**TASK TO COMPLETE**
Please reproduce the entries exactly, skipping each picture.

—————

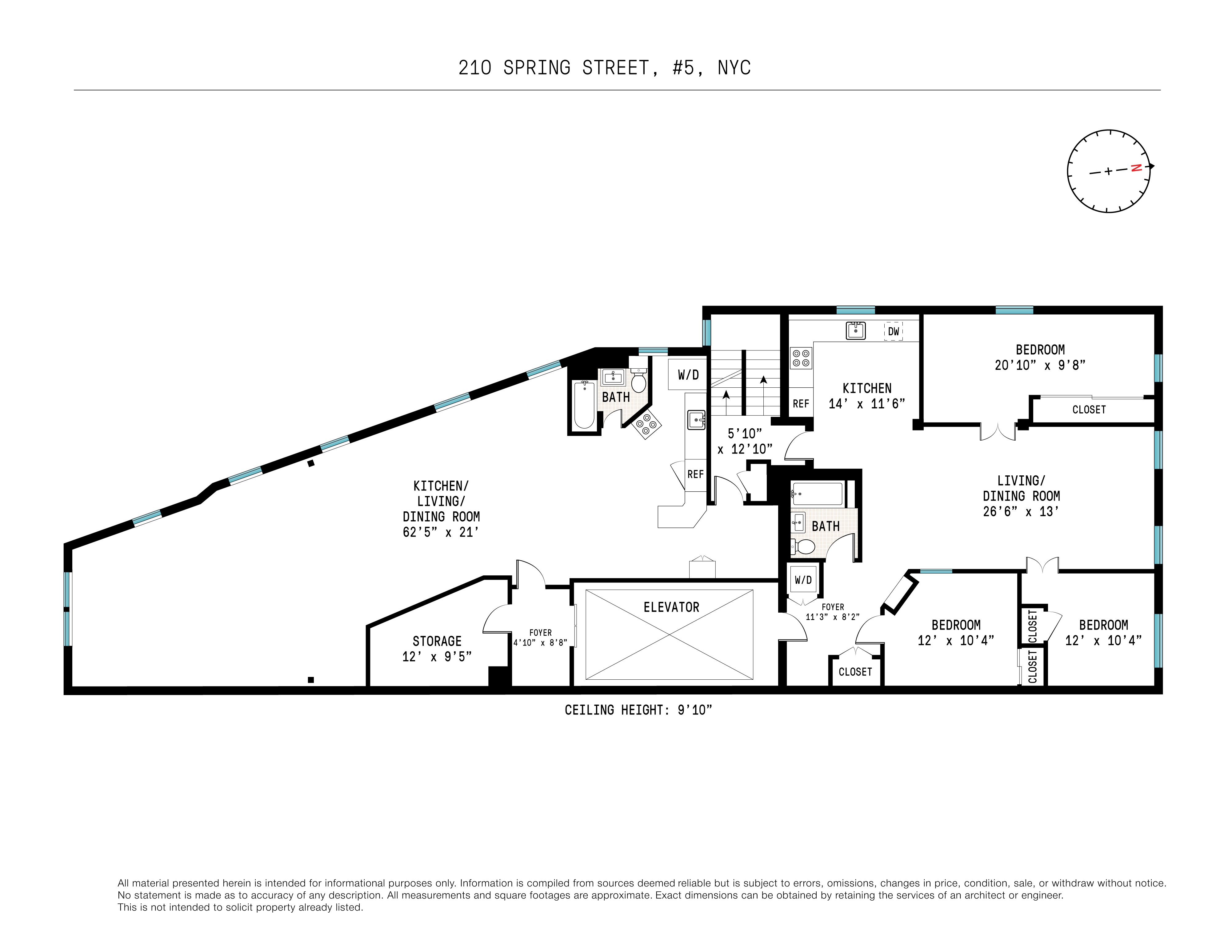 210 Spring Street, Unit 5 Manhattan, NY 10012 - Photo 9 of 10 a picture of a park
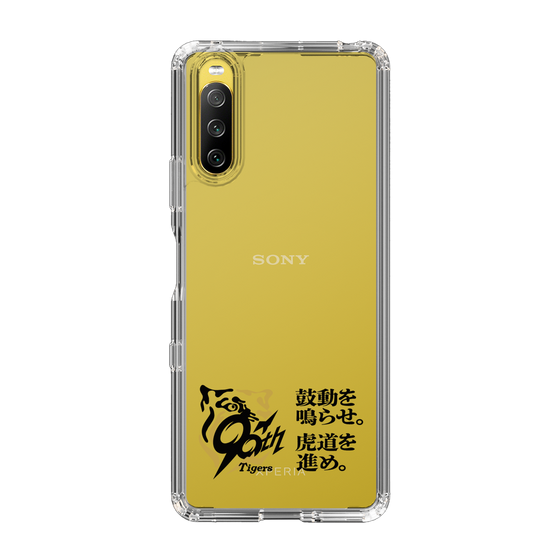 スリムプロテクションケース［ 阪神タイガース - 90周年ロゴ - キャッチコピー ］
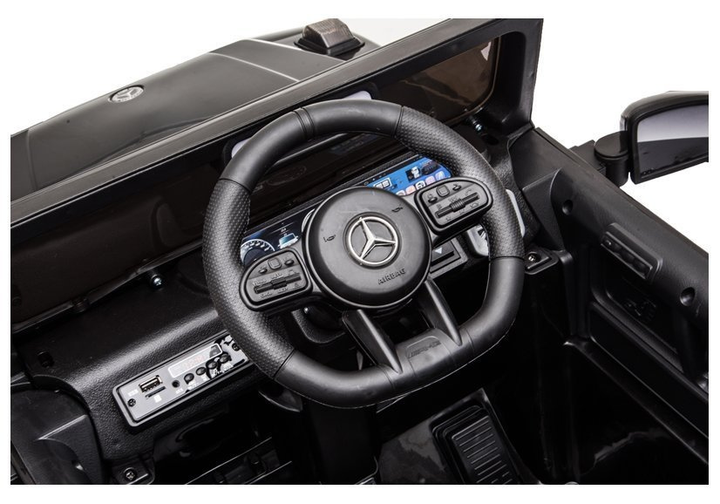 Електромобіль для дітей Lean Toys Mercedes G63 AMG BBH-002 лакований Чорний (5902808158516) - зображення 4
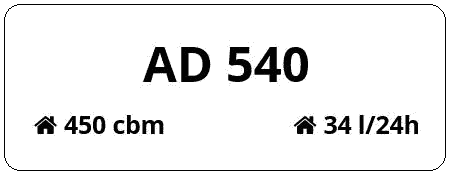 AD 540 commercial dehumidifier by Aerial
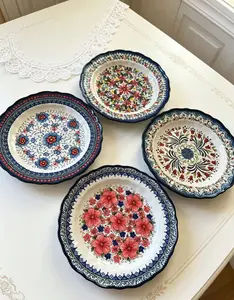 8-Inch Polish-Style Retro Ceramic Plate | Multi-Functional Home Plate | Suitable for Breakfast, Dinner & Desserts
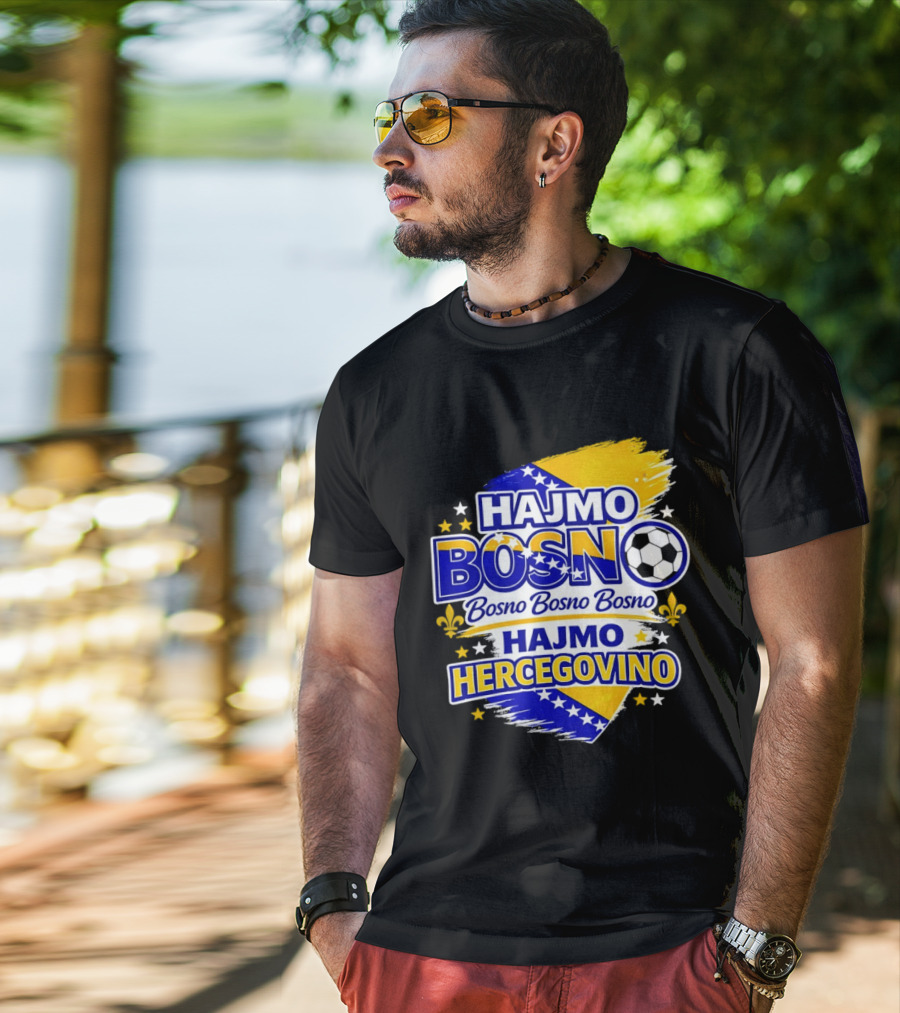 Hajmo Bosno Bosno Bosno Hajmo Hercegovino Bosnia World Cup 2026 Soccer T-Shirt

—————

**EXERCISE RESULT**
 210 Spring Street, Unit 5 Manhattan, NY 10012 - Photo 9 of 10 a picture of a park
 スリムプロテクションケース［ 阪神タイガース - 90周年ロゴ - キャッチコピー ］
 Електромобіль для дітей Lean Toys Mercedes G63 AMG BBH-002 лакований Чорний (5902808158516) - зображення 4
 AD 540 commercial dehumidifier by Aerial
 8-Inch Polish-Style Retro Ceramic Plate | Multi-Functional Home Plate | Suitable for Breakfast, Dinner & Desserts
 Hajmo Bosno Bosno Bosno Hajmo Hercegovino Bosnia World Cup 2026 Soccer T-Shirt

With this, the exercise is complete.